Talking of food wine

I’ve just had a thought about wine notes, which is either very trivial or very profound. Or something in-between. Or merely uninteresting. The chances are that it is a combination of all three. But I’ll mention it just in case it strikes home to someone.

The Great Thought occurred as I was coming to the end of my supper – a very successful one, in that I’d enjoyed it greatly (helped I suppose in that I was much enjoying the book I was accompanying it with, bizarrely enough a biography of Jonathan Swift, in whom I have no great interest beyond the fact that I’m sympathetically fascinated by the despairing disgust at humanity evidenced in Gulliver’s Travels).

Anyway – supper was (apart from the book, which I include, thinking holistically – if human endeavour can be included as part of terroir, then why not the total experience when it comes to a meal?), for the first part, pasta shells with roast chicken heated in a sauce of reduced white wine thickened with crème fraiche, plus garlic, chili, capers, sun-dried tomatoes, salt and pepper. Going very beautifully with all the above was a bottle of David Elpidios 2011, the maiden vintage of the subtle blend of Swartland shiraz , carignan, grenache etc made by David and Nadia Sadie. (This is probably not the place, but I will mention anyway my sudden recent realisation that this producer’s wines are not given their proper name in the Platter Guide: the entry is under “David & Nadia Sadie”, which is fair enough – but nowhere is it said that the label is actually just “David”. Surely this is misleading?! Actually, going back to Platter 2014, I see the entry is purely “David’, which makes a lot more sense; it was changed, without any mention of the change, in the subsequent edition.)
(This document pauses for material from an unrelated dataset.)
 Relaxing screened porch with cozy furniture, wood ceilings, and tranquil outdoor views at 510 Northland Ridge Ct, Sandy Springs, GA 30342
The food was surprisingly good. (I’m always somewhat surprised when my food is good; here I will partly credit the squeeze of juice from a lime kindly donated to my fruit bowl by Angela Lloyd, who has a treeful of these good things.) The wine was unsurprisingly good (I’m never surprised when I love David wines; it happens so frequently).

(It occurs to me to nod to another David, one Clarke, who has been known to object to my arguably excessive use of parentheses. (I do take his point.))

I seem to remember that what I wanted to indicate is that when a wine is just delicious and perfectly (perfectly, enough) matched, or anyway thoroughly enjoyed with food, writing a tasting note for it is revealed as both silly and impossible. For me, at least, as I realised when I thought of tweeting about the wine. The only possible note that I could manage would be something like: beautifully balanced, restrained rather than effusive, and structured to accompany and enhance sympathetic food; a crucial ingredient in a delightful sensual experience.